A decorated artillery captain during World War II, Solzhenitsyn was arrested at war’s end for remarks in a letter to a friend vaguely criticizing Stalin (“the man with the moustache”). Subsequent years in the slave camps changed him — and Western history. His many works, most notably “The Gulag Archipelago,” detailed the criminal degradation of human dignity in an island-like chain of slave camps — first conceived by Lenin — across the Soviet inland sea.

Life there consisted in the standard devices of terror — torture, injury, disease, deprivation, extreme temperature, forced labor, near-starvation, and too-common death. Despite the West’s “desire not to know” (his words), to avert our eyes, Solzhenitsyn made us see. His catalogue of life in the camps sliced through libraries of propagandistic lies and collapsed the moral pretensions of socialism, to tell the stories of the forgotten and the dead. For, he asked, “what good is a silent memory when the forgotten deserve justice?”

With a literary genius rivaling Dostoyevsky’s, Chekov’s, Pushkin’s — even Tolstoy’s — his role was at last to render comprehensible the seemingly incomprehensible. Thereby, he joined Ronald Reagan, Margaret Thatcher and Pope John Paul II in compelling the implosion of Soviet communism.
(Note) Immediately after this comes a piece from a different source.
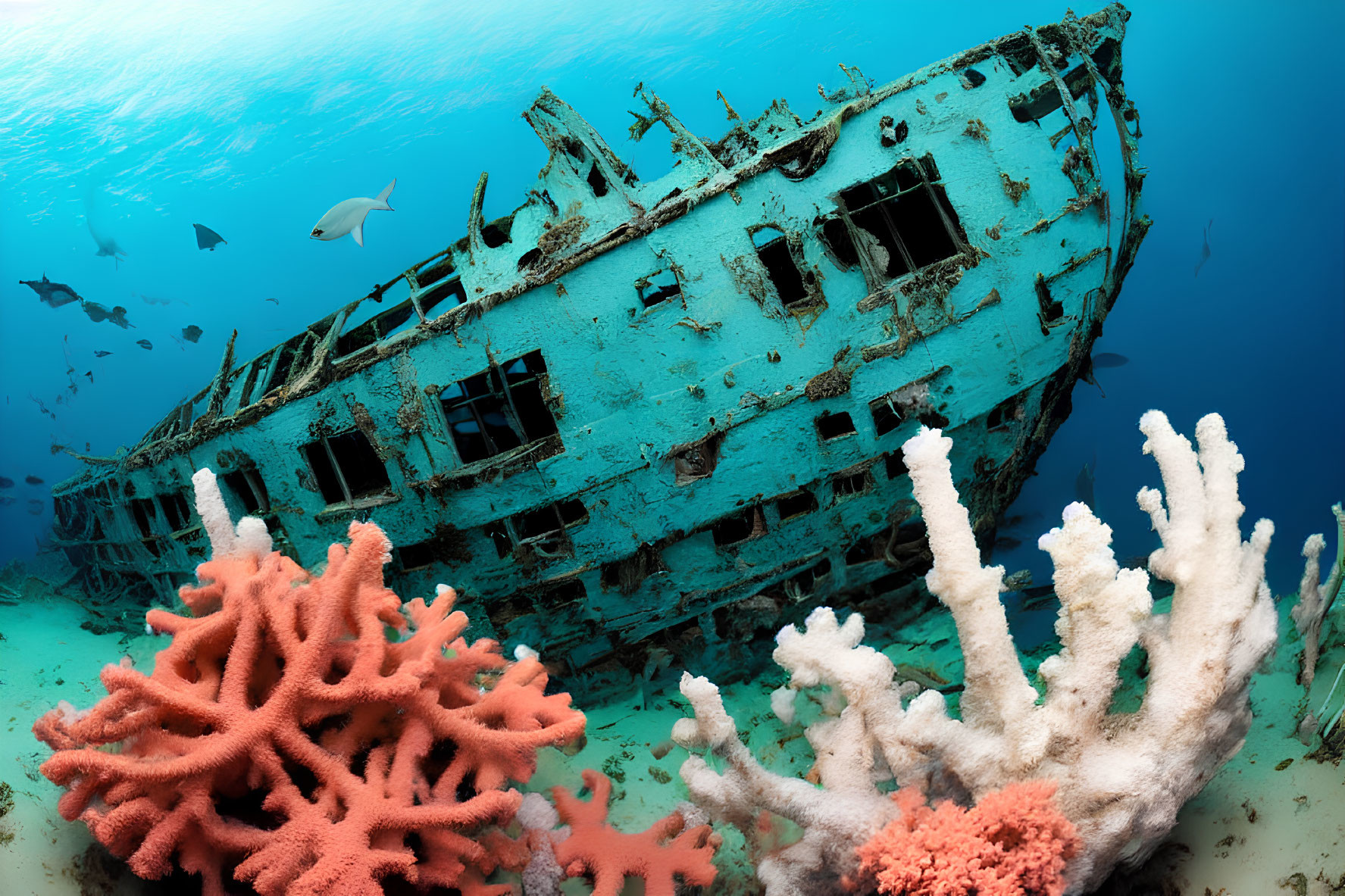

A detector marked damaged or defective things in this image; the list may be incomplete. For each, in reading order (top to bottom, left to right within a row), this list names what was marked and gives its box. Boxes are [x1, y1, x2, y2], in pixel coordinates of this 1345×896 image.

Iconic foreign-policy thinker George Kennan termed Solzhenitsyn’s writings “the greatest and most powerful single indictment of a political regime ever to be leveled in modern times.”

Novelist Saul Bellow put it this way: “In revealing the brutality of Stalinism,” Solzhenitsyn has “reminded every one of us what we owe to the truth.” Though Solzhenitsyn is gone now, the truths inhering in his writings about slavery and terror — and liberty — live eternally on.

XXX

The presidential campaign may be about a lot of things, but a single issue should prove decisive: Iran.
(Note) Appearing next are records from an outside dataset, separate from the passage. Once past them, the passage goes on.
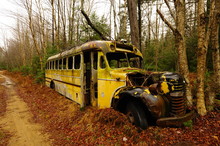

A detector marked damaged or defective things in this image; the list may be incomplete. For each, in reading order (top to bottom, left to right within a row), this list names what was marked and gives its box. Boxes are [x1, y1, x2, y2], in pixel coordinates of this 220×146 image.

abandoned school bus [44, 40, 194, 129]
rusty bus body [45, 40, 194, 129]
shattered windshield [106, 52, 141, 68]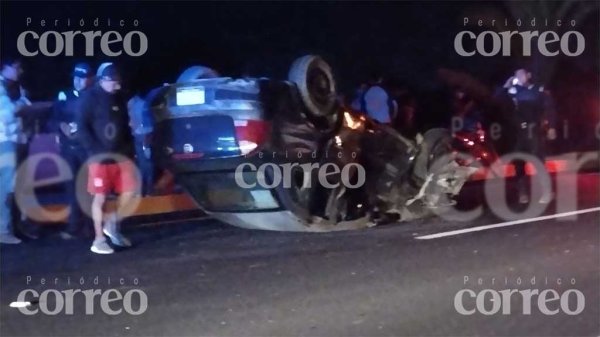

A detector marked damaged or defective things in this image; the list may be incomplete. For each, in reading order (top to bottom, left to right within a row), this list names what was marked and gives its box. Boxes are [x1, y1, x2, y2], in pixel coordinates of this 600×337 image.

damaged vehicle [148, 55, 476, 231]
overturned car [148, 55, 476, 231]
Despite its professions of peaceful intent, the regime there continues to build toward the production of plutonium — useful only for nuclear weapons — and the missile capability to deliver them.
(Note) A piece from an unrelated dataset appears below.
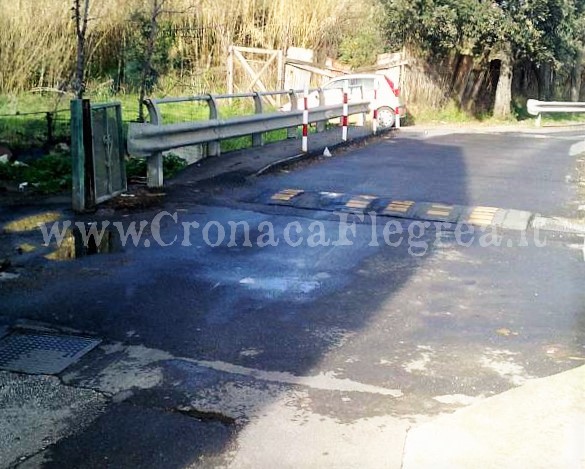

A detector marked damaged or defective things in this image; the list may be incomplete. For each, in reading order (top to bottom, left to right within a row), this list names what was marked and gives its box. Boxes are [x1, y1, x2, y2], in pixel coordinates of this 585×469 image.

damaged asphalt road [1, 126, 584, 466]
Nuclear physicist Peter Zimmerman finds Iran possessing third-generation enrichment centrifuges, as well as “320 tons of uranium hexafluoride gas to feed its centrifuges, enough for almost 100 bombs. . . . If Iran begins enriching uranium to weapons grade on an assembly-line basis, it could transfer this material to groups such as Hezbollah and Hamas, which might fabricate low-technology nuclear explosives. These would probably have yields nearly as high as the bomb that destroyed Hiroshima.”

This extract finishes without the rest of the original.